● **WHAT TO DO**
Write the records out once more, so that nothing differs from the original.

● **STORED DATA**

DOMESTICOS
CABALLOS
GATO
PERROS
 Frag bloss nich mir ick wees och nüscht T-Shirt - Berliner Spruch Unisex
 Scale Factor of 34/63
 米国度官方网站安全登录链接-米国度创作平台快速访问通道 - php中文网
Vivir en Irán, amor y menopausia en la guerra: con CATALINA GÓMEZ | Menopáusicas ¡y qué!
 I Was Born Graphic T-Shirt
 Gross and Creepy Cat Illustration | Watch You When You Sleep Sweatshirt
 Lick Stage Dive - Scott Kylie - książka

● **ANSWER TO THIS PROBLEM**
DOMESTICOS
CABALLOS
GATO
PERROS
 Frag bloss nich mir ick wees och nüscht T-Shirt - Berliner Spruch Unisex
 Scale Factor of 34/63
 米国度官方网站安全登录链接-米国度创作平台快速访问通道 - php中文网
Vivir en Irán, amor y menopausia en la guerra: con CATALINA GÓMEZ | Menopáusicas ¡y qué!
 I Was Born Graphic T-Shirt
 Gross and Creepy Cat Illustration | Watch You When You Sleep Sweatshirt
 Lick Stage Dive - Scott Kylie - książka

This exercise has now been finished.